**Goal of the exercise:** Search the entries below for the word "Flat", then copy each line in which it is found.

##############################

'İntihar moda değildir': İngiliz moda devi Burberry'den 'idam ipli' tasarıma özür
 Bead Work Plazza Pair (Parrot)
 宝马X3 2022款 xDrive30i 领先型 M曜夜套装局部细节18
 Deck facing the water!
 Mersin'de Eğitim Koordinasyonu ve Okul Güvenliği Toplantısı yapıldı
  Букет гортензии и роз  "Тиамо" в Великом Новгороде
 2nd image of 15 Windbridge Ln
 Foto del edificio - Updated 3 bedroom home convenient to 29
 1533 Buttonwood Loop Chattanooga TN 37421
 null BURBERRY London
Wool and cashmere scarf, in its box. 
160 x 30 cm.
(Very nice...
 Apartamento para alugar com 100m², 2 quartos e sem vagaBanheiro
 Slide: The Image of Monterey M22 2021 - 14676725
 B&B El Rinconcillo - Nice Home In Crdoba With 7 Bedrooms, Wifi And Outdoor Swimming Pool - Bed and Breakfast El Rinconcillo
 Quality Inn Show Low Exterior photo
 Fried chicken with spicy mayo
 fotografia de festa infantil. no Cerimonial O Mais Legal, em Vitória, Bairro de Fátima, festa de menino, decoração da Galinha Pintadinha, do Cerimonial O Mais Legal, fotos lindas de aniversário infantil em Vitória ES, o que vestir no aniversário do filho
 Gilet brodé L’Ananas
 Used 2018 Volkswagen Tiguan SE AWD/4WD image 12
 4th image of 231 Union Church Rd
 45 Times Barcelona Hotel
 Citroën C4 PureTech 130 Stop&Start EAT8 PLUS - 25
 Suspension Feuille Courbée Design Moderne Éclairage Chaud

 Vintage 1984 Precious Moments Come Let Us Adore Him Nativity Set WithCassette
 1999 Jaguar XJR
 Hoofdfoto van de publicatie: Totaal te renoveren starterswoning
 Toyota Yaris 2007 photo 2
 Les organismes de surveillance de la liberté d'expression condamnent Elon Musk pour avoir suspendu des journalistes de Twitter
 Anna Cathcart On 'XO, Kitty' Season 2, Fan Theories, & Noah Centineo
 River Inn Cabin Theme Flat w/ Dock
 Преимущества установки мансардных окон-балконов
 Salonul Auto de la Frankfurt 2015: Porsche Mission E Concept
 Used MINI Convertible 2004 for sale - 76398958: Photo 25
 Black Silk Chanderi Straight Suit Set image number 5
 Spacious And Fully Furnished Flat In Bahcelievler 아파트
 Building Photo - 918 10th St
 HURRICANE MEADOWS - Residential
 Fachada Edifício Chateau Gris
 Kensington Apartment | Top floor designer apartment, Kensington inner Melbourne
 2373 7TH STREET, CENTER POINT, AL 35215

##############################

**Task answer:**
 River Inn Cabin Theme Flat w/ Dock
 Spacious And Fully Furnished Flat In Bahcelievler 아파트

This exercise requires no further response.